▶ [Data supplied]
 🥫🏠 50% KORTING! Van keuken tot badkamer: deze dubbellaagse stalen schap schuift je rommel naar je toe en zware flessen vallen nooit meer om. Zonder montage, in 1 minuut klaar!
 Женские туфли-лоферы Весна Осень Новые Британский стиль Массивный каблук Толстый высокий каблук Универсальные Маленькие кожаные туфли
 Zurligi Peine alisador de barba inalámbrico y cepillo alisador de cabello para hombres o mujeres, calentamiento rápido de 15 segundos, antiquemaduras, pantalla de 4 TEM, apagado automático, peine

---

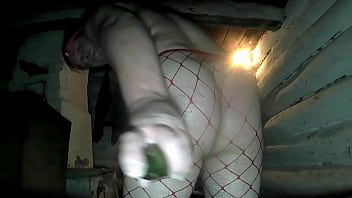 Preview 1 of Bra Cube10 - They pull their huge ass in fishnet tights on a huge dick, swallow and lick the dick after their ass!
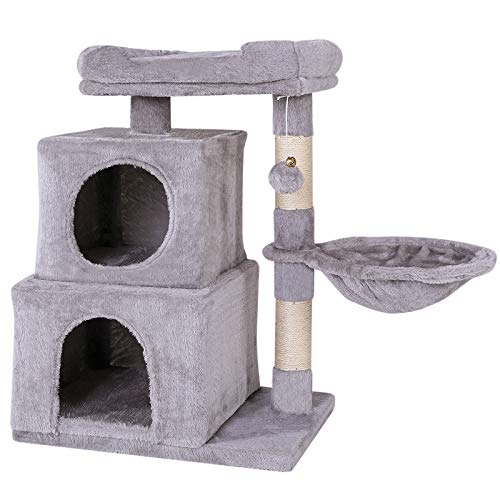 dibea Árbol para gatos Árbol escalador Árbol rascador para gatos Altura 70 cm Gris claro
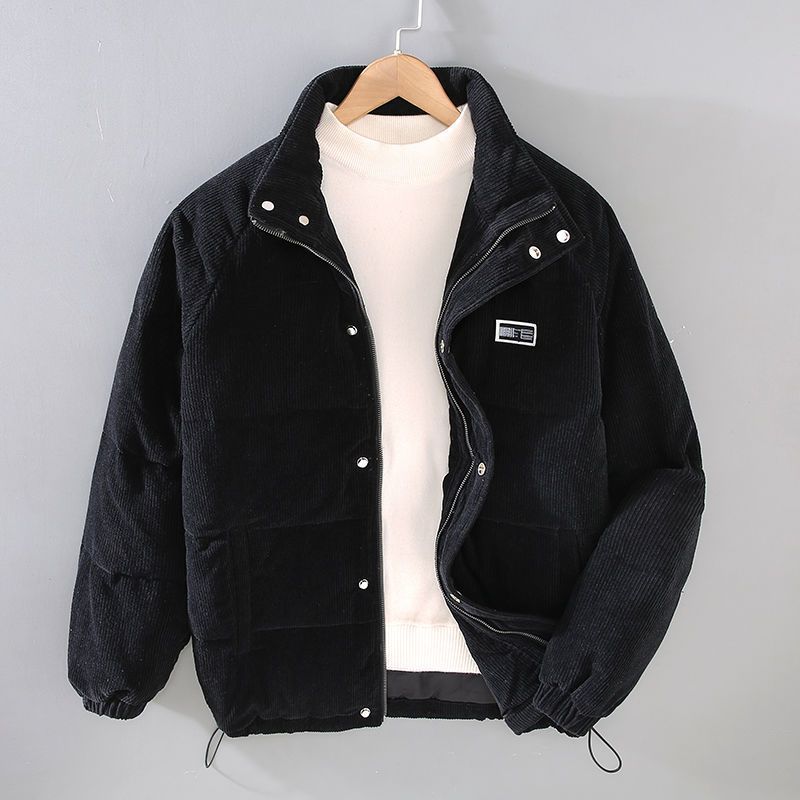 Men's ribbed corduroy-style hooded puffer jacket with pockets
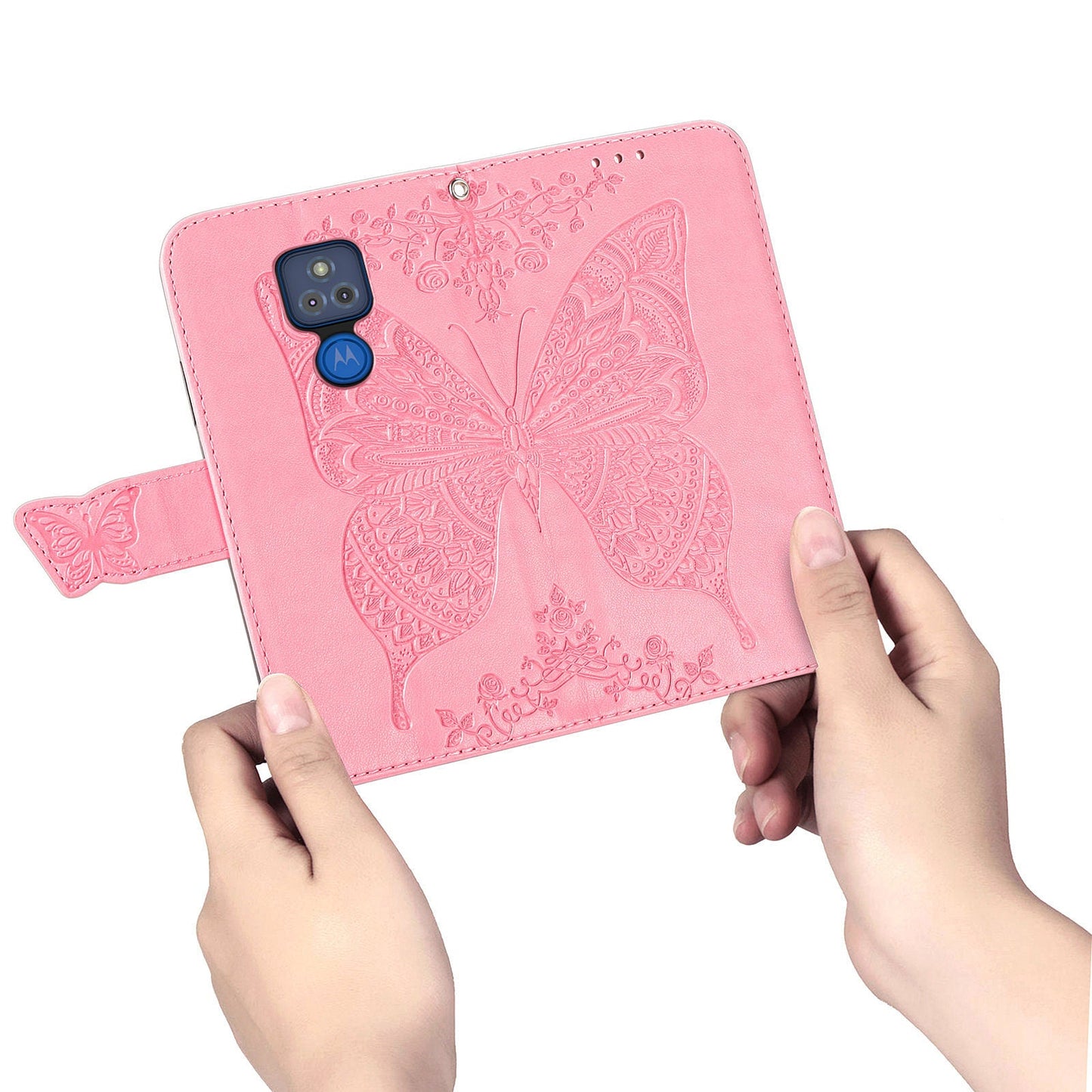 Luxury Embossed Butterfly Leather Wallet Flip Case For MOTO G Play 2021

▶ [Exercise goal]
Nothing but the lines above from the line with "Men's ribbed corduroy-style" up to and including the line with "Luxury Embossed Butterfly" should be returned, exactly as written and without pictures.

▶ [Expected answer]
 Men's ribbed corduroy-style hooded puffer jacket with pockets
 Luxury Embossed Butterfly Leather Wallet Flip Case For MOTO G Play 2021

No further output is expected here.